Making Sonic 2's sound driver good

Discussion in 'Engineering & Reverse Engineering' started by Clownacy, Mar 17, 2015.

  1. Clownacy

    Clownacy

    Tech Member
    802
    36
    28
    Because of its relation to S1's driver (it's a fixed Z80 port of it), I've been fooling around with S2's driver more than ever, and I've found some interesting things. So what say we give this driver some level of technical competence?

    I have quite a few changes here that eventually link with each other, so if you're gonna follow along, don't skip anything. Also, flamewing's stuff ties into this, so check that out beforehand. It doesn't hurt to check out the other improvements scattered around my driver's topic (and here, and here, and here).

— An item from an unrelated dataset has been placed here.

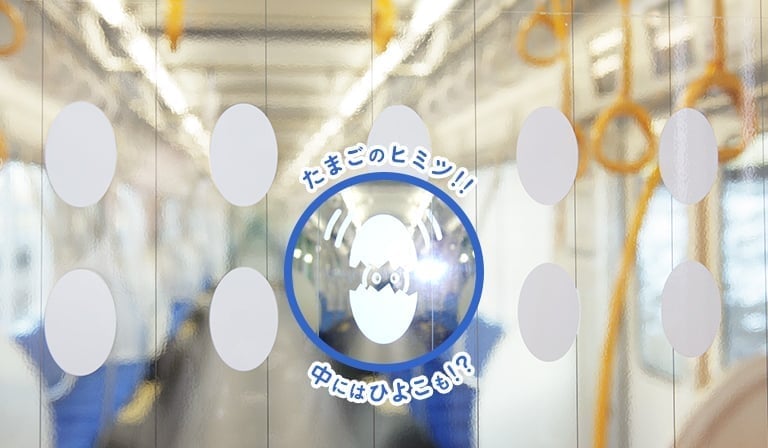たまごのヒミツ！！ 中にはヒヨコも！？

    Optimising zWriteFMI/zWriteFMII
    What's the first thing you notice when comparing S3K's zWriteFMI to S2's? Besides the backing-up, and restoring of af, S2's calls something called zFMBusyWait; S3K doesn't.

    You might have heard, if you've read through its topic, that my driver wasn't the best at waiting for the YM2612. That's what this is for: making sure the processor doesn't write to it too fast. Thing is, while S2 checks and waits, S3K just waits a set amount of time, evident by its use of a 'nop'. So, I guess we can remove S2's check, pop in a 'nop' and free up some space for another rsttarget, along with making zWriteFMI and zWriteFMII smaller.

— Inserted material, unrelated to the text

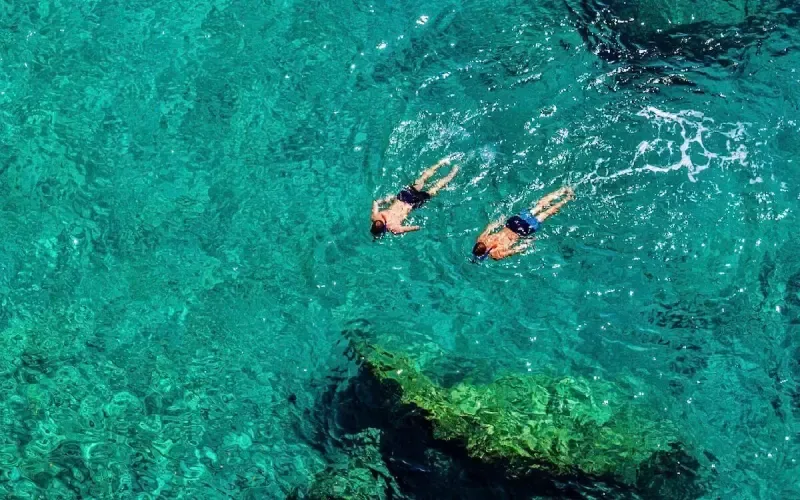 Snorkeling at Dolphin House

    This is simple enough. Just remove the two calls to zFMBusyWait in each piece of code, and then remove the now-useless 'push/pop af' pair at the top of them.

    Note that you'll want to keep the remaining pairs, which are towards the bottom. Unlike S3K, S2 relies on register 'a' not being modified. The upside to this is that the 'push af' makes a good substitute for S3K's 'nop': occupying the Z80 for more than enough time for the YM2612 to catch up.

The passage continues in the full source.